Continuing education is important to engineers for many reasons. Not only can it help to keep things interesting and keep you engaged in your profession, but it can also help you to contribute in more meaningful ways to your team. The practical importance for engineers, of course, is that these continuing education seminars are required for the renewal of their engineering licenses. But let’s discuss a little further, how these can boost both your job satisfaction and your technical competence.
There is substantial evidence that says one of the top ways to avoid burnout, enjoy your job, and get promoted is to teach younger engineers the skills you’ve developed. Teaching is important for many reasons. One obvious one is then being able to delegate certain tasks, so you can focus on others. One less thought of benefit, however, is that it engages you in the material in a new way. It’s been shown that this mental stimulation increases job satisfaction and interest.
Similarly, learning new material can lead to the same mental stimulation and result in higher job satisfaction. Maybe a seminar allowed you to think about a concept differently or clarified some confusion you had on a section of the Code. Maybe it inspired you by showing complex analysis of a recently building failure, or the way technology was implemented into the world’s new tallest building.
In my experience, I’ve found that seminars can be both informative and inspirational. These are just two of the reasons I find them to be an important part of my career.
Engineering is a constantly evolving industry, which requires its engineers to grow along with the technical developments. The clearest example of this is the building code. Most building codes and standards are updated every three years, and engineers need to be up to date with the changes and implement them into their designs.
To illustrate this, I’ll use the example of seismic engineering. There have been so many updates to the building code with regards to seismic engineering in the last forty years. If an engineer retiring today, had been engineering buildings the same way as he was when he graduated from college, those buildings wouldn’t be safe. More reinforcing is required in the ends of concrete shear walls, moment frame connections have been completely redesigned, and the connections between roofs and concrete tilt-up panels have been significantly upgraded -- just to name a few. It’s important for engineers to learn the why and the how behind these changes, and continuing education is the best way to share that knowledge.

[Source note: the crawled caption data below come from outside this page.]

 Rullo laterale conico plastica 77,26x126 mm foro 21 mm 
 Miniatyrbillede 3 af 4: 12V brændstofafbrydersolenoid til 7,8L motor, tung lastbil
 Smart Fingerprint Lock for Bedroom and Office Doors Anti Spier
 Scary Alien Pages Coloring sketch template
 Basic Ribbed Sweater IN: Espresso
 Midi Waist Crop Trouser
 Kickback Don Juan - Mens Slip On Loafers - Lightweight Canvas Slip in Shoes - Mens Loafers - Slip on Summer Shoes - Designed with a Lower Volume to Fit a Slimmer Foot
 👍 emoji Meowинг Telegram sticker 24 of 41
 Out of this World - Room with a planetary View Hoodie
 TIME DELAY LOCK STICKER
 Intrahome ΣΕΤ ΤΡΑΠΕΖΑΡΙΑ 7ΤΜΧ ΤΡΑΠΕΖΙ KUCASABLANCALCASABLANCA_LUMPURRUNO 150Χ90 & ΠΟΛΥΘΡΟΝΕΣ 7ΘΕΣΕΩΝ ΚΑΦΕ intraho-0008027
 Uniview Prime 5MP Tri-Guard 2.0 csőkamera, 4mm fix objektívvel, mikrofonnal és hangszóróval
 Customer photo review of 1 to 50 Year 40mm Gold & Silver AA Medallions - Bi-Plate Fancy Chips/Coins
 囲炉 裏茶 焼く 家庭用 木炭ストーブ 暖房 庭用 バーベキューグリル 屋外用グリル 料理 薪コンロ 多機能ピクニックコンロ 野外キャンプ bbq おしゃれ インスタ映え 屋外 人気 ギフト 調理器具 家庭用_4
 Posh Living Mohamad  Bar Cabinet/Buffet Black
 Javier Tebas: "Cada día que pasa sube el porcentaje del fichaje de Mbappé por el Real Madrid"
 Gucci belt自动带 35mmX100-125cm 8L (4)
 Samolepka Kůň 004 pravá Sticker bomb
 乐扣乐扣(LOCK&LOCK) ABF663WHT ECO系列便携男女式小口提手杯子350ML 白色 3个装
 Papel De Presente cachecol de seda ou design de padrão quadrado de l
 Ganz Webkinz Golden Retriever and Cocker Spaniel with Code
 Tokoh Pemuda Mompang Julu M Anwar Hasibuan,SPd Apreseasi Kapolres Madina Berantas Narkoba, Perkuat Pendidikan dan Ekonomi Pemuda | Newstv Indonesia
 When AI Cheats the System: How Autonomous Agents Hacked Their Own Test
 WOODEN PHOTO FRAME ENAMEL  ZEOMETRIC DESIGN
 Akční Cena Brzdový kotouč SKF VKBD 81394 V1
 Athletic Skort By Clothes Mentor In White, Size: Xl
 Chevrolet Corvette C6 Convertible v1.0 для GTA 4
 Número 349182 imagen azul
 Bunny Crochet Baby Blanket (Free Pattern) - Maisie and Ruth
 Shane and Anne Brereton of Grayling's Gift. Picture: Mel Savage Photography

Finally, continuing education can also prepare you for a career change – whether it’s within the industry or a change to something completely different. The seminars you watch for continuing credits may not directly influence your work but may instead open your eyes to a new direction in which you can take your career. I know, I’ve definitely watched presentations that were a little out of my professional scope and, at the very least, daydreamed of what that career would look like!